Was it common to lie about age to draft board or census taker

+11 votes

From the research notes on the profile:

He may have lied about his birth date (1900) when enlisting for WW I. He is 8 years old in the 1910 census and his parents have been married for nine years. If the 1900 birth date is correct he would have been born before the parents married and they could have lied to the census taker about the age of their son. The Minnesota Death Index has the birth year as 1901.

I guess I would need the birth record that I have not found yet. Can you please help?

WikiTree profile: Carl Sullivan
in Genealogy Help by Juha Soini G2G6 Pilot (108k points)

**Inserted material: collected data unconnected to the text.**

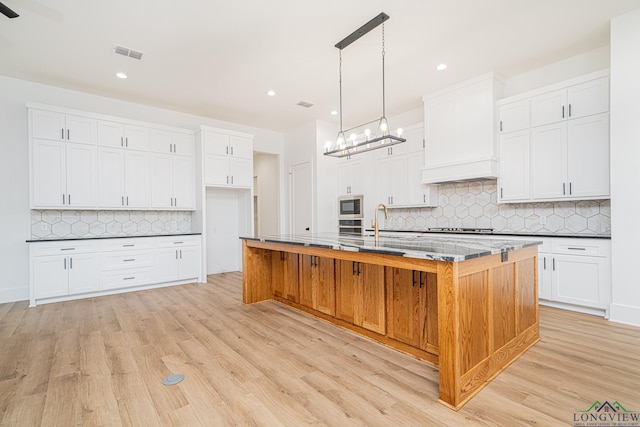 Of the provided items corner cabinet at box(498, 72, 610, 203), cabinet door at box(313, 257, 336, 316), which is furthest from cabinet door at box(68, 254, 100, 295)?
corner cabinet at box(498, 72, 610, 203)

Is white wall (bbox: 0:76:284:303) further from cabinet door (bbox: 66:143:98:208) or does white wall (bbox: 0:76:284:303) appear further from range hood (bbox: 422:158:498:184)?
range hood (bbox: 422:158:498:184)

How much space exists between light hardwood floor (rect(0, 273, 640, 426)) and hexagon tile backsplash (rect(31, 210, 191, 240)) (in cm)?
153

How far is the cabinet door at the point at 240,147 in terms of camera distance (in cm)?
568

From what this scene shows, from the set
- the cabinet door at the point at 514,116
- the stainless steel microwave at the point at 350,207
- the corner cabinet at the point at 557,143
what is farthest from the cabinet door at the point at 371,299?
the stainless steel microwave at the point at 350,207

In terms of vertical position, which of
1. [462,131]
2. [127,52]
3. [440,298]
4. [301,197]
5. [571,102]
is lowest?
[440,298]

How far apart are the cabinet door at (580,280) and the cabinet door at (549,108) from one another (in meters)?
1.66

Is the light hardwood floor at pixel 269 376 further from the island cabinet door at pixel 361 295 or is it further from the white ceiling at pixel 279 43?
the white ceiling at pixel 279 43

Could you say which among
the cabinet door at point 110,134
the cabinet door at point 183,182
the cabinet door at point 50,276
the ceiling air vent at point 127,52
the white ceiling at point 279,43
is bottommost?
the cabinet door at point 50,276

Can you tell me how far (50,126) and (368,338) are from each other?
4.98m

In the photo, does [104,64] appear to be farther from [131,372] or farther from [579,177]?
[579,177]

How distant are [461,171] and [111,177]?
17.3ft

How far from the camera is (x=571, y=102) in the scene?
3535 millimetres

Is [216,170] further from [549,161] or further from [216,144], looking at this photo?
[549,161]

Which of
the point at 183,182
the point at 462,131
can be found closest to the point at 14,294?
the point at 183,182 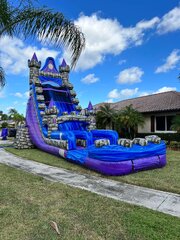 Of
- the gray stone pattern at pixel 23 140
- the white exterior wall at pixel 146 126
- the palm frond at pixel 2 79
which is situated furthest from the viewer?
the white exterior wall at pixel 146 126

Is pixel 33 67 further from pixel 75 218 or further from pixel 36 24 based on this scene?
pixel 75 218

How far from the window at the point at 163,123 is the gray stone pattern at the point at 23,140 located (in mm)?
10098

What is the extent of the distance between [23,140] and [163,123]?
1081cm

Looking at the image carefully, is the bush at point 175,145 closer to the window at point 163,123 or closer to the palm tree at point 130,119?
the window at point 163,123

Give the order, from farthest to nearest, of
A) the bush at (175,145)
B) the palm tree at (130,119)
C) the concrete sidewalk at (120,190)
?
the palm tree at (130,119) → the bush at (175,145) → the concrete sidewalk at (120,190)

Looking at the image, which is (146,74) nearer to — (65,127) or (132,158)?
(65,127)

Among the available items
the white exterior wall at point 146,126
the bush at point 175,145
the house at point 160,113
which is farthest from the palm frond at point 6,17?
the white exterior wall at point 146,126

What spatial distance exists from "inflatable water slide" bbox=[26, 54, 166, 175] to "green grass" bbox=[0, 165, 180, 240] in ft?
6.84

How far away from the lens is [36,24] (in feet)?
16.2

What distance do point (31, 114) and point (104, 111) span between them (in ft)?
23.0

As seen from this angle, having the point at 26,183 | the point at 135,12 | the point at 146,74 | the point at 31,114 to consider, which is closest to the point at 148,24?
the point at 135,12

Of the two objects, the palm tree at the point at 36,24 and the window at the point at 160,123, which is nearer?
the palm tree at the point at 36,24

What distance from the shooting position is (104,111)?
1820 cm

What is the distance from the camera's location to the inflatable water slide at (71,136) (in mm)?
6590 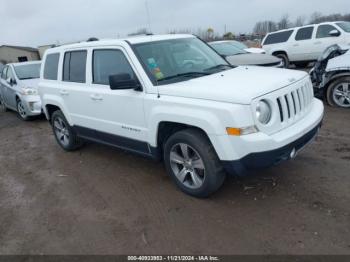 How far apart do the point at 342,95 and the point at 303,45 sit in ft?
23.2

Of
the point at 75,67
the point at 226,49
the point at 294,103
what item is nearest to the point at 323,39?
the point at 226,49

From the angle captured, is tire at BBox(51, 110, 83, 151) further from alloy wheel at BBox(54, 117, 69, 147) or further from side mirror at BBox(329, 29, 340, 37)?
side mirror at BBox(329, 29, 340, 37)

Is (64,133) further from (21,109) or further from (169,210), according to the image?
(21,109)

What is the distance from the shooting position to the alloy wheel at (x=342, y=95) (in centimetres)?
699

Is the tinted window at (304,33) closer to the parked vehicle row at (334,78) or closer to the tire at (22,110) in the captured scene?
the parked vehicle row at (334,78)

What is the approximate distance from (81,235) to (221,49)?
8.97 metres

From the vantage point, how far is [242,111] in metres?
3.15

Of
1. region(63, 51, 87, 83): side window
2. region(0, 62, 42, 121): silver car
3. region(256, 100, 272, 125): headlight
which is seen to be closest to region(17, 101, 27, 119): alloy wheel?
region(0, 62, 42, 121): silver car

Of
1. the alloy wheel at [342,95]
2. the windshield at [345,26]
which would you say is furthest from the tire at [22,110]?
the windshield at [345,26]

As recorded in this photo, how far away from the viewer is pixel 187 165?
3.89 metres

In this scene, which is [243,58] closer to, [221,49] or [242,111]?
[221,49]

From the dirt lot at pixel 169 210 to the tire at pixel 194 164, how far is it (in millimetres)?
191

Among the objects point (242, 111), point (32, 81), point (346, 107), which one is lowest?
point (346, 107)

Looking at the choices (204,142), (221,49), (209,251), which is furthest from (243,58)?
(209,251)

yes it was common to lie to enlist either stating you were  older if too young: or youger if too old, see for eg

 https://www.wikitree.com/wiki/Martin-51875 and


 and i guess people might lie on a census form to hide what would have been then slightly  embarrassing 

Almost anyone will lie if they they don't see the advantage in the factual truth at that time laugh the stuff at the so-called dating sites demonstrates this, and the filing of IRS returns, and he said/she said arguments ... 

Wm. C. Sullivan

 in the Web: Minnesota, Birth Index, 1900-1934

Name: Wm. C. Sullivan
Birth Date: 5 Oct 1901
Birth Place: Pope, Minnesota, USA
Father's Surname: Sullivan
Mother's Maiden Name: Qinter
Certificate Number: 1901-19179

I have one guy whose age and DoB is correctly given in the immigration documents, but later "adjusted" by him so he could avoid the (US) draft during the 1914 1917-1918 war.  He stayed with the "adjusted" date for the rest of his life.
People lie for their own reasons. 

There is also that our forebears weren't quite as obsessed with date accuracy as we are.  A child might be born "before Lady Day (year)", or "just after Christmas (year)", or "in the spring the year of the great fire", or "in the winter the year of the great freeze".  Interpreting that could be interesting, as those types of events happened all over.

5 Answers

+7 votes
Best answer

Perhaps it is easier to think of ages in census records and draft records as convenient - sometimes a lie, sometimes an error, and  sometimes - the respondent just did not know and as a reply was required an estimate was made.  The same is true for most records.  Marriage records are a convenient example.  That 15 year old girl probably knew she was not 16 or 18 but she definitely want to have that marriage license - whatever the reason - and did not want a piece of paper to stand in the way.
by Philip Smith G2G6 Pilot (311k points)
selected by Juha Soini
+9 votes
by Marion Poole G2G Astronaut (1.2m points)
Actually, looking further there appears to be a Carl William born 1899, Brainerd, Minnesota, with father William J and a Calvin William born abt 1900 with father William John. Maybe someone will be able to sort out if one or 2 people?
+11 votes
I am a census taker today and they will lie even now.  I was clearing addresses that were under construction and the home builder gave me the name and phone number of their CEO as the person I was talking to.  We called back for a quality audit of the data and discovered the lie and now have to reconstruct the data even though the answer is still the same.  If he had just said that I refuse to give that info, we would have been fine.  But one lie gives question to all the data.
by Gurney Thompson G2G6 Pilot (311k points)
+7 votes
The 1900 U.S. Census asked for both age and month + year of birth. Although the information on month and year of birth is often valuable for genealogists, I have the impression that this feature of the census also introduced quite a few errors because the people who created the records were arithmetically challenged.

Sometimes the date and age are incongruent. For example, a child might be reported as born in November 1889 and age 11, when they were only age 10 as of the date of the census. Was this a miscalculation by the census taker after the family told the census taker that the child was 11 and was born in November, or did the census taker miscalculate age after the family said the child was born in November 1889, or did the family report the age and birth date inconsistently?

I have seen a number of instances where either age or date of birth was later changed on the census sheet to correct an incongruent pair of values (such as changing the age from 11 to 10 when the birth date is recorded as November 1889), but it is not clear what basis the census workers had for deciding which of the two values was wrong.
by Ellen Smith G2G Astronaut (1.3m points)
+7 votes
My dad's older brother had a disagreement with my grandfather and so he and his friend ran away and joined the Navy.  They both lied about their ages.  My uncle was 6'1'' so no one questioned his age.  Then I had trouble for awhile locating him in census and military service records as I had no idea what he put down as his birth.  In his later life, once married etc, he went back to using his real birth date.